*Assigned task:* Copy out again, unchanged, the line that contains "8' X 10' Blue" and every line after it down to the last line of the data.

*Material to process:*
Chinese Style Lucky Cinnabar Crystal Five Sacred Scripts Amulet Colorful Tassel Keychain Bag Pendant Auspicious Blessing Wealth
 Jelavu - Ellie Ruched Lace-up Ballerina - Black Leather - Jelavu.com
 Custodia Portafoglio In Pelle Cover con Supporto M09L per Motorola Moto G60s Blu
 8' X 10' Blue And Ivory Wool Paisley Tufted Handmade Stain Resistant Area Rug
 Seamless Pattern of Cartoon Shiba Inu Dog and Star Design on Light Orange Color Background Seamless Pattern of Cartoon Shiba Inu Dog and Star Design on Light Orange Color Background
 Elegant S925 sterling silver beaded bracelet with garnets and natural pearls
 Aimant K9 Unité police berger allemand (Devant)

*Output below:*
 8' X 10' Blue And Ivory Wool Paisley Tufted Handmade Stain Resistant Area Rug
 Seamless Pattern of Cartoon Shiba Inu Dog and Star Design on Light Orange Color Background Seamless Pattern of Cartoon Shiba Inu Dog and Star Design on Light Orange Color Background
 Elegant S925 sterling silver beaded bracelet with garnets and natural pearls
 Aimant K9 Unité police berger allemand (Devant)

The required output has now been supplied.